Wednesday, July 21, 2010

LOST: SEASON ONE – 6.9 / 10

When Lost first began airing in the fall of 2004, I thought it was sure to be critical hit but a commercial failure that would end in a year (or less) but find some sort of cult status as a misunderstood classic (a la My So-Called Life).  But for some reason (owing much, I think, to our collective post-9/11 mindset), it became a runaway success.  As far as I was concerned, that was great.  I was enjoying the show so I was glad its success guaranteed it’d be around for a few more years.  But towards the end of the first season I started to realize that the creators of the show had the same initial opinion about its prospects as I did.  They clearly didn’t know where the hell they were going with all this craziness (polar bears, magic numbers, smoke monsters, etc.) but figured they’d never have to explain it.  They figured the show would be cancelled quickly and they’d never have to come up with reasons for the stuff they were doing.  So when the show became a hit, they were left grasping at straws.

This became pretty clear to me during the initial airing of season one when the castaways discovered the mysterious hatch in the ground in episode fifteen and waited and waited and waited until episode twenty-five (three months of weekly episodes) to open it.  And even then the show’s writers didn’t reveal what was inside the hatch (presumably because they didn’t know themselves) until the show came back for the second season.  It was at that point that I decided I couldn’t deal with this nonsense anymore and walked away.  I figured that if the show finally did somehow end up making sense, I could give it another look on DVD once the whole thing was finished.

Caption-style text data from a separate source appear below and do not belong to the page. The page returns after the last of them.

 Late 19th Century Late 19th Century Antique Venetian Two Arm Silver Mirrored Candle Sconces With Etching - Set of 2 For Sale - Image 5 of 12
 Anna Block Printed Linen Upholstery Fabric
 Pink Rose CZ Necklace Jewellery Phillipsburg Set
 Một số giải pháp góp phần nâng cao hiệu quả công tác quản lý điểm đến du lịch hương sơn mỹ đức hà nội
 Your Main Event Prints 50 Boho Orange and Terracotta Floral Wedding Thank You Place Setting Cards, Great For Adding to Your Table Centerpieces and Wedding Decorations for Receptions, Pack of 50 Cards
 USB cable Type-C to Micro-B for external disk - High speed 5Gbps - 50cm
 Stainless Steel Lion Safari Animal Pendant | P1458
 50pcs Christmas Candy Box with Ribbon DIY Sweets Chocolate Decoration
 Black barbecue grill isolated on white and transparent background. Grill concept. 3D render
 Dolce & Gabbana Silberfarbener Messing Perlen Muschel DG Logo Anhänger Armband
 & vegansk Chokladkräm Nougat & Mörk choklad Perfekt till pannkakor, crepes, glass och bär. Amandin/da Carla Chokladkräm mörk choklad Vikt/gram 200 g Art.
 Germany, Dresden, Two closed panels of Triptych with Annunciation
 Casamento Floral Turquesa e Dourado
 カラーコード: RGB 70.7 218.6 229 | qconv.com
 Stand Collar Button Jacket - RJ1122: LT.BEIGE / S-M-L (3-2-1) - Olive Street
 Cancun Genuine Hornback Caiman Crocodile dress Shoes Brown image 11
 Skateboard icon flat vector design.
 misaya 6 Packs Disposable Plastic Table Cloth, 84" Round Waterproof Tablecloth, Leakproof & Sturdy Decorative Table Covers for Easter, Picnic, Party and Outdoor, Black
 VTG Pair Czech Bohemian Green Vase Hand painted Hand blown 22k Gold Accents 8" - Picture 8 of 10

Well, apparently the show did end up being pretty satisfying.  So now I’m sitting down to watch it start to finish, hoping to be wowed but a little worried that people only claim to like it because they’ve invested so much time into it that they can’t bring themselves to admit that it was disappointing.


About five or six episodes into watching Lost’s first season on Netflix Instant, one thing had become clear: the maddening cliffhangers and interminable waits as information was slowly parceled out are a hell of a lot more tolerable watching the show this way.  Plus, having some knowledge of the series’ finale (and its lack of any real explanation for most of the island’s mysteries), I felt free to ignore most of the mythology stuff and concentrate on the characters instead.  And that has definitely improved my enjoyment of the show.  I don’t care a whit about the Others or the smoke monster.  If that’s explained later, great.  If not, I’m not in it for that.  I’ve come to believe that this is probably the only way to watch Lost and have a prayer in hell of enjoying it.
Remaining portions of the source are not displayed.